Natural immune responses and vaccination are unable to induce protective antibody responses against HIV infection. Despite the presence of neutralizing epitopes, such as the membrane-proximal external region (MPER), on HIV envelope (Env), Env immunization has so far failed to elicit such neutralizing antibodies. A body of evidence suggests that an immunological tolerance mechanism may contribute to the loss or poor activation of MPER-reactive B cells due to a structural mimicry with self-antigens. Dendritic cells (DCs) use pattern-recognition receptors to monitor conserved microbial structures at extracellular, endosomal, and intracellular compartments for signs of infection for triggering immune activation. In response to cytosolic DNA, the immune system mounts a programed response that involves the transcription of type I interferons and inflammatory cytokines. Cytosolic DNA was recently found to induce the synthesis of cyclic GMP-AMP (cGAMP) di-nucleotide upon binding to cGAMP synthase (cGAS). cGAMP subsequently activates proinflammatory responses by binding to a downstream receptor STING. Hence, the recent discovery of the cGAS-cGAMP second messenger pathway provides critical insights into the molecular basis of immune activation, as well as uncovers new avenues to develop adjuvants. Moreover, DC functions are critically regulated by immune stimuli, as well as inhibitors. Our studies demonstrate that the immunostimulatory ability of DCs is critically suppressed by SOCS1, a feedback inhibitor of the JAK/STAT signal pathway, and that SOCS1-silenced DCs are hyperactivated and can effectively induce antigen-specific antibody responses. In this study, we aim to explore the adjuvant potential of cGAMP, the second messenger of cytosolic dsDNA sensing, in combination with SOCS1 antagonist for activating anti-HIV antibody responses. The hypothesis of this study is that the combined use of cGAMP and SOCS1 antagonist will endow DCs with superior immunostimulatory potency to break self tolerance and to induce anti-HIV antibody responses against the conservative, neutralizing MPER epitope.
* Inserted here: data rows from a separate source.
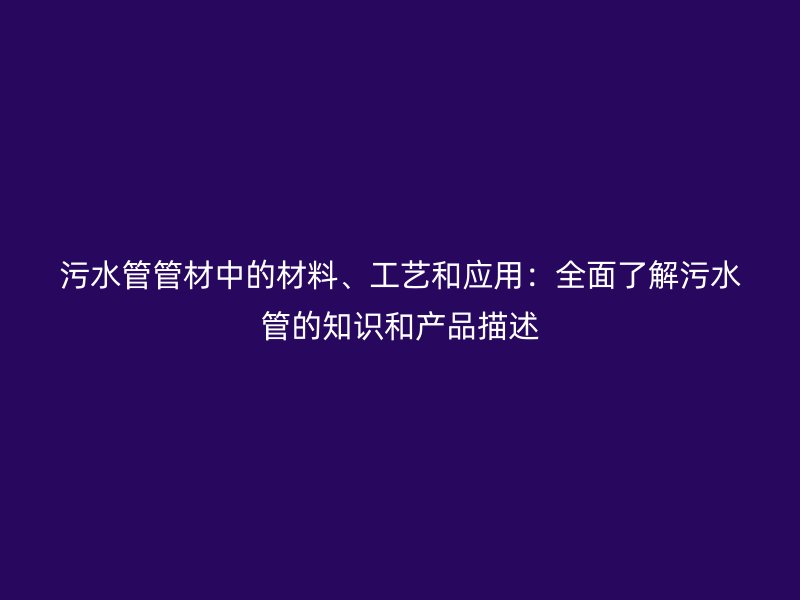 污水管管材中的材料、工藝和應用：全面了解污水管的知識和產(chǎn)品描述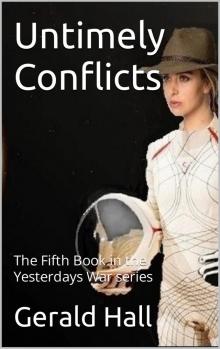 Yesterda's War 5 - Untimely Conflicts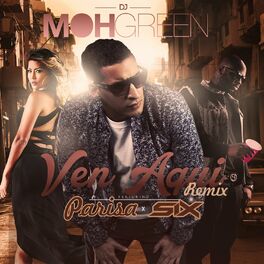 Album cover of Ven Aquí (Remix)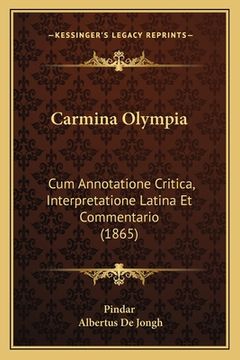 portada Carmina Olympia: Cum Annotatione Critica, Interpretatione Latina Et Commentario (1865) (en Latin)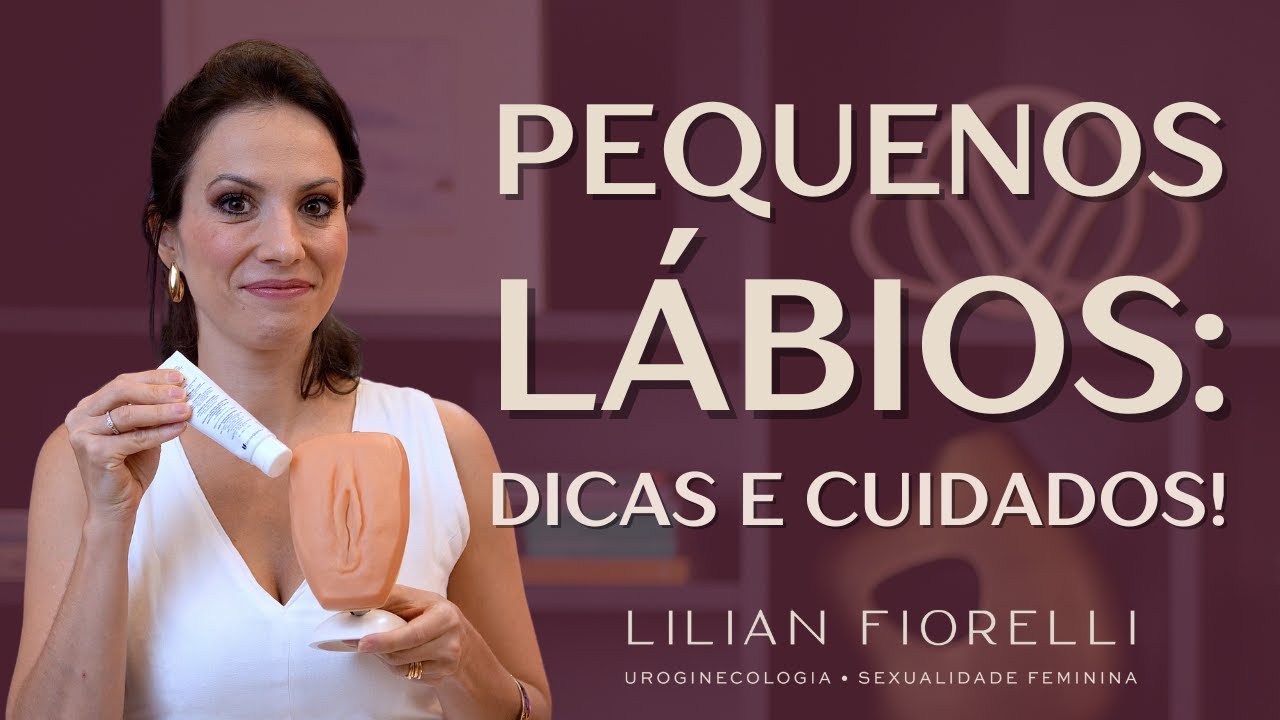 PEQUENOS LÁBIOS: COMO CUIDAR E DICAS ESSENCIAIS | Dra. Lilian Fiorelli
The specific aims of this study are:
Aim 1. To test whether cGAMP has an immunostimulatory effect on DCs, leading to the activation of B cells and anti-HIV Env antibody responses.
Aim 2. To test whether cGAMP and SOCS1 antagonist have a synergistic, stimulatory effect on DCs by activating STING and inhibiting SOCS1 to break self-tolerance and to activate stronger anti-HIV antibody responses against the conservative, neutralizing MPER epitope. This study may lead to the development of cGAMP and the combined use of cGAMP and SOCS1 antagonist as novel adjuvants for HIV vaccine development.
This proposed study is aimed to develop a new adjuvant for HIV vaccine. We will test the hypotheses that the combined use of cGAMP and SOCS1 antagonist will endow DCs with superior immunostimulatory potency to break self tolerance and to induce anti-HIV antibody responses against the conservative, neutralizing MPER epitope by synergistically activating STING signaling cascades and inhibiting the key negative regulator SOCS1 for prolonged and enhanced proinflammatory signaling in antigen-presenting DCs. This pilot study this study may lead to the development of cGAMP and the combined use of cGAMP and SOCS1 antagonist as novel adjuvants for HIV vaccine development.